[Opening DATA PROVIDED section]

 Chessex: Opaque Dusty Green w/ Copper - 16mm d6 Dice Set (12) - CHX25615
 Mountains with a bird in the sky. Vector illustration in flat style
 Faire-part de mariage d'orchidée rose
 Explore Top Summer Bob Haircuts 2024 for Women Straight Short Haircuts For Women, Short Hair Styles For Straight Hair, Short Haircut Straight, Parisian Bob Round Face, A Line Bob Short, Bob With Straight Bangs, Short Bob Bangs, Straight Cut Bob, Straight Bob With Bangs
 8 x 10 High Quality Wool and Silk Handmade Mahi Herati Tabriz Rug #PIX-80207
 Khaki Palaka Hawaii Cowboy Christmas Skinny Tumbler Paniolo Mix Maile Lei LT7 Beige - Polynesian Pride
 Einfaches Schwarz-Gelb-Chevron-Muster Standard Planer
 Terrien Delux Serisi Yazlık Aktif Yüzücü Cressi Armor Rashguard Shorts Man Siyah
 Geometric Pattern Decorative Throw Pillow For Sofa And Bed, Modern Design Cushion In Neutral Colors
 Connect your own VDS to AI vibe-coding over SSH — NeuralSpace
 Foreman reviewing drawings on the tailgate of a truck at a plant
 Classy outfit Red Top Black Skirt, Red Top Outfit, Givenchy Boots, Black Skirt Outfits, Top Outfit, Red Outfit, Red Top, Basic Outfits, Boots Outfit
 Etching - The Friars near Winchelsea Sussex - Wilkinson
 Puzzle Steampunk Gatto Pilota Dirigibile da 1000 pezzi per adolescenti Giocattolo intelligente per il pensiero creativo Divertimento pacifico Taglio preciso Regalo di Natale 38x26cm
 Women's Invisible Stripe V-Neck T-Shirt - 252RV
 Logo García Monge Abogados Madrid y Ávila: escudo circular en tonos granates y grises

[Closing DATA PROVIDED section]

Count the lines in the records above that contain the word "Women", and give only that number.

2